At the time, plan administrators asked the Rhode Island Supreme Court to approve immediate 40% across-the-board benefit cuts. The cuts have not yet been approved.

Defendants in the lawsuits include Prospect CharterCare LLC, Roger Williams Hospital, the Roman Catholic Diocese of Providence and St. Joseph Health Services of Rhode Island, which sold Our Lady of Fatima Hospital and Roger Williams Hospital to CharterCare in 2014. The pension plan was founded by diocese.

The plan was declared insolvent three years after the hospitals were sold to Prospect CharterCare, with a $43 million pension shortfall, according to the lawsuits. The sale included a $14 million payment to the plan, but not ongoing contributions.

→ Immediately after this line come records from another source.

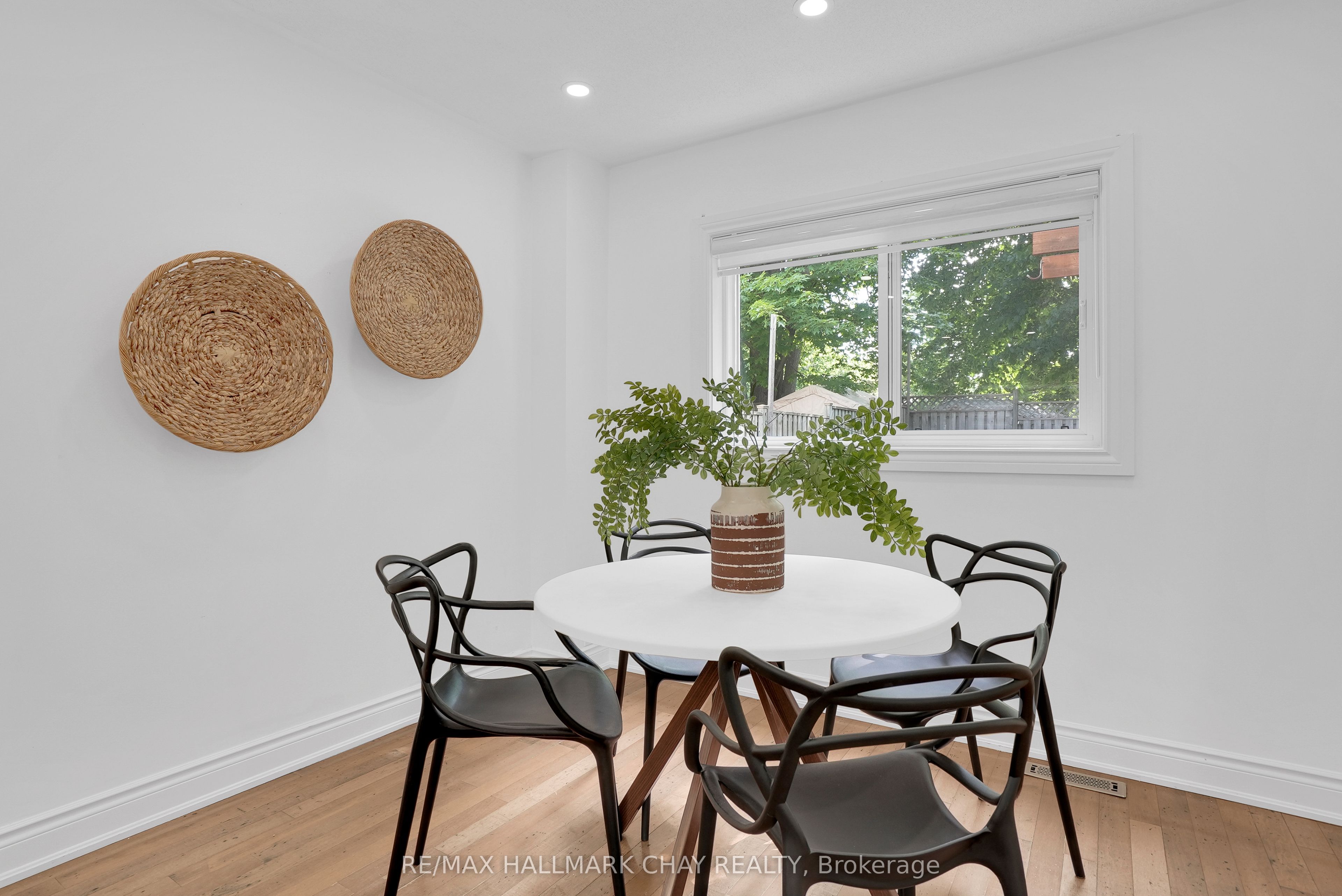 100 Copeman Crescent Property Photo 8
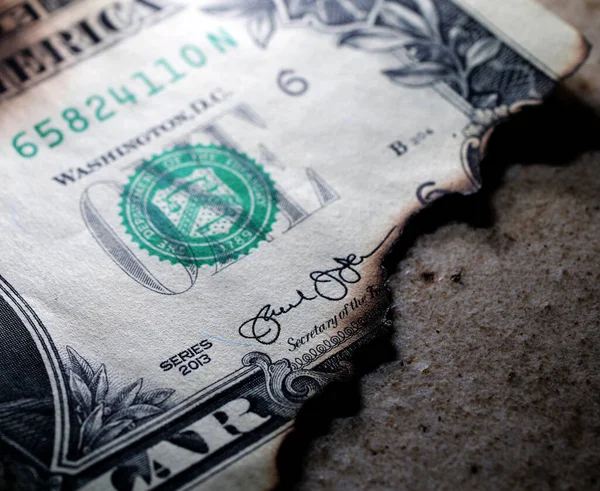 Detailní Záběr Spálených Dolarových Bankovek — Stock fotografie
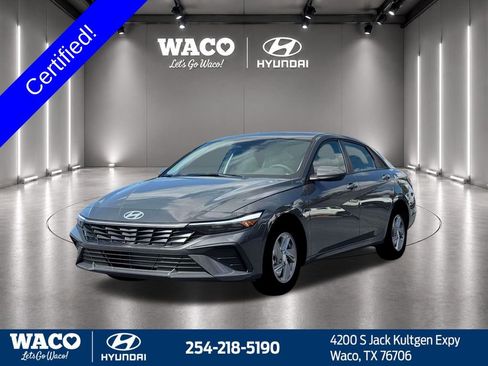 Used 2026 Hyundai Elantra SE FWD image 3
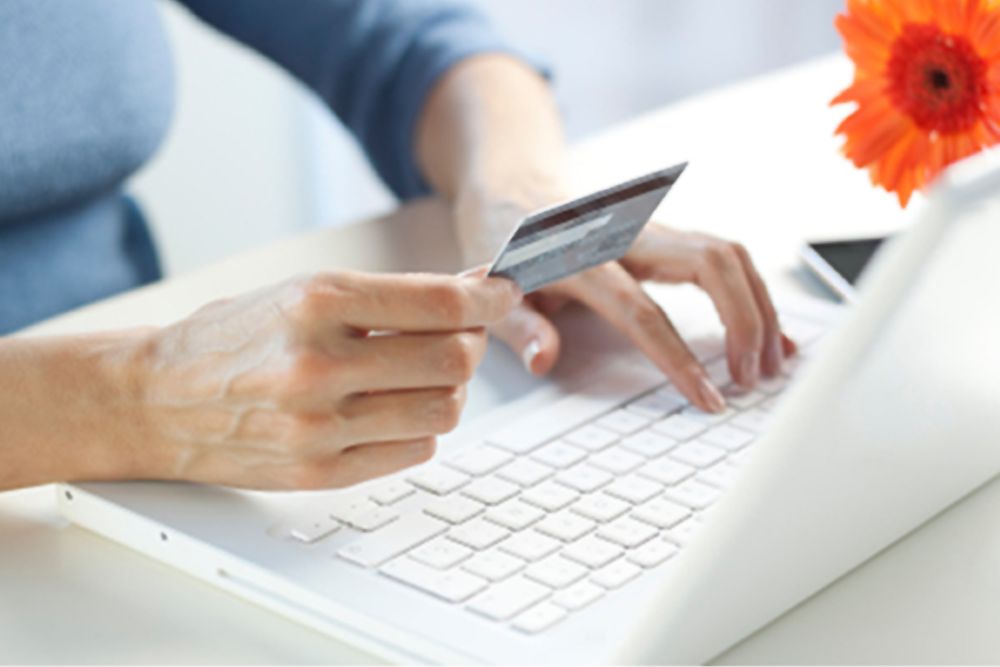 La morosidad proviene en parte del uso de las tarjetas de crédito por encima de las posibilidades del cliente.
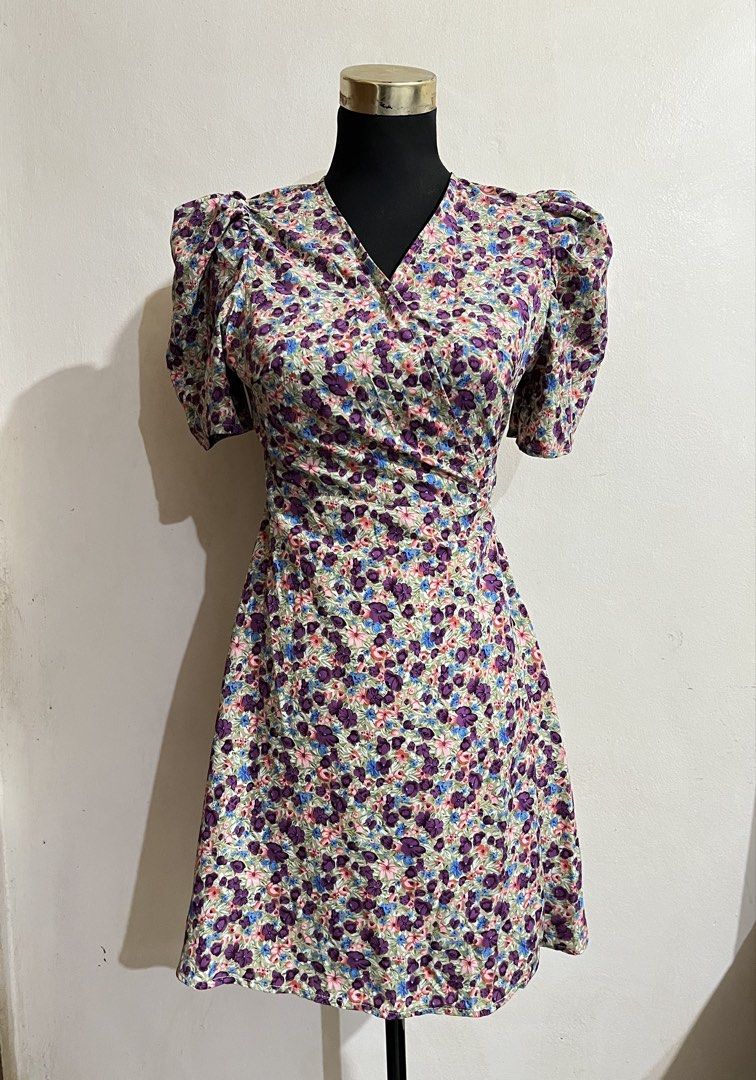 Floral Dress (Category: Dresses) located in Manila. Submitted by lovedbyherr.era (Listing ID 1461339074, Image 1). Description: • Can fit Small-Medium • Above the knee length .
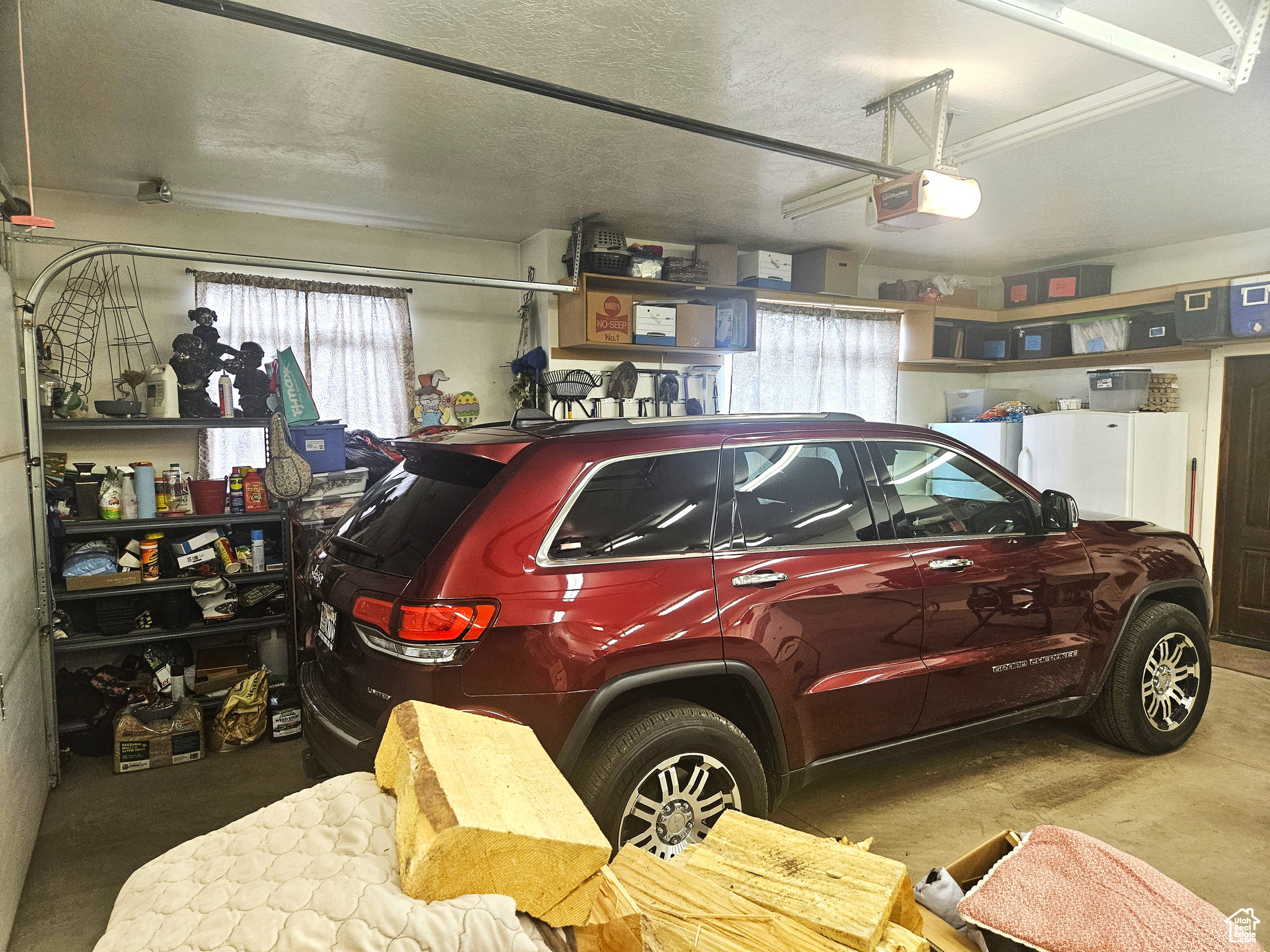 main property photo 80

The 21-count lawsuits filed Monday claim that while St. Joseph's Health Services was responsible for the plan, it promised participants that it was making all contributions. "For most of the at least the past 10 years, SJHSRI stopped making necessary contributions with the result that the plan was grossly underfunded." The lawsuit also claims that the defendants collectively conspired to conceal the underfunding to participants.

Other charges alleged in the lawsuits are that the defendants falsely claimed that it was a church plan exempt from ERISA, and that the sale of the hospitals was approved by state regulators under fraudulent circumstances.

The lawsuit is seeking to have the two hospitals sold, with the proceeds going to the pension plan participants.

Superior Court Judge Brian Stern appointed Max Wistow of Wistow, Sheehan & Loveley as special counsel to the receiver, and Mr. Wistow filed the class-action lawsuits.

Calls to Prospect CharterCare and the Roman Catholic Diocese of Providence were not returned at press time.